Understand Your Triggers
What sparks harmful online behaviour?
This exercise explores the hidden steps that can lead to harmful or illegal behaviour online. We’ll look at how feelings, thinking patterns, and even your surroundings can play a role. Recognising these risks can help you spot the warning signs and avoid getting caught up in harmful online activity.
David Finkelhor’s Four Preconditions Model proposes that four conditions must be met for online offending to occur. It emphasises the sequential nature of these factors, meaning each precondition depends on the fulfillment of the one before it.
- Offender Predisposition: This refers to the offender having certain characteristics that make them more likely to offend online. It includes:
- Emotional congruence: Finding emotional satisfaction or fulfillment in online offending.
- Sexual arousal
- Blocked needs: Inability to meet emotional or sexual needs in non-abusive ways.
- Overcoming Internal Inhibitors: These are internal factors that normally prevent someone from acting on their unhealthy desires. Overcoming them could involve:
- Minimising the harm of abuse.
- Justifying the abuse through fantasies or beliefs.

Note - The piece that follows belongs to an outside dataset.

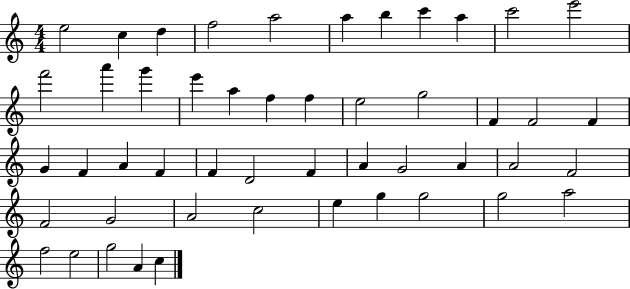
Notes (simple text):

- Reducing feelings of guilt or shame.
- Overcoming External Inhibitors: These are external factors that make it difficult to act carry out harmful online behaviours, such as:
- Presence of others.
- Societal norms against the harmful online activity.

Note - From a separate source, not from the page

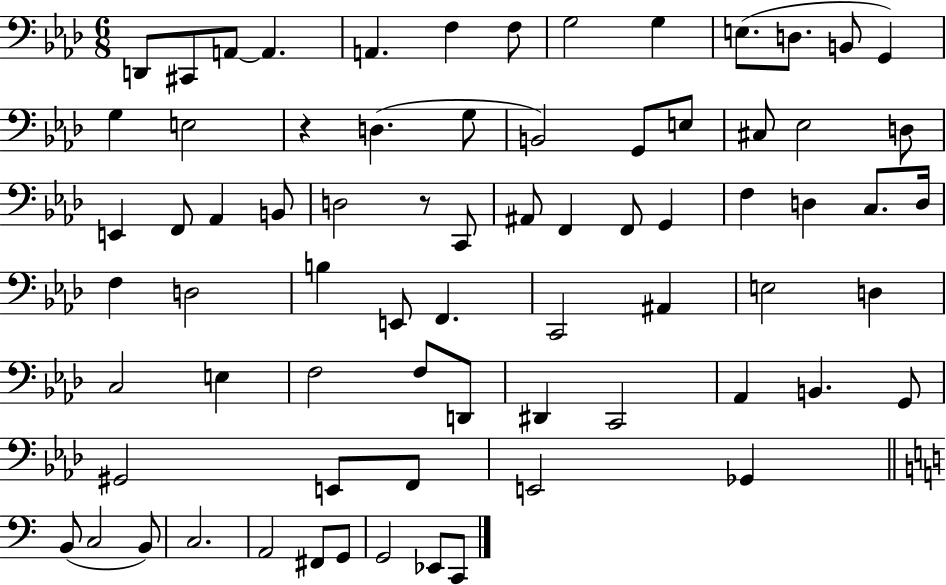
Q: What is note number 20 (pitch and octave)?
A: E3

- Overcoming Resistance: This refers to getting away with carrying out the harmful online behaviour.
Here is an example of how this model can be applied, based on ‘Driving over the speed limit’.
MOTIVATION
‘Wanting to’
I really need to get to get to that meeting.
I was late last time. The boss will not be impressed if I’m late again.
Buzz of driving fast.
I love my car.
I love this road, there’s never any traffic jams.
Anxiety
OVERCOMING INTERNAL INHIBITORS
‘Conscience’
I know the speed limit is 50 mph, but there are no houses.
I’m a good driver.
Serious accidents don’t happen on roads like this.as late last time.
Look at those cars. Hardly anyone is sticking to the speed limit.
The law is wrong.
I’ve got to get to my meeting on time.
OVERCOMING EXTERNAL INHIBITORS
‘Creating Opportunity’
Check mirrors for police.
Wait for some faster cars to overtake.
Get to the straight stretch where you can see well ahead before speeding up.
ACTION
‘Doing it and getting away with it’
Put foot down on accelerator.
Slow down at bridges in case of cameras.
Drive in the inside lane when clear to try to avoid mobile camera.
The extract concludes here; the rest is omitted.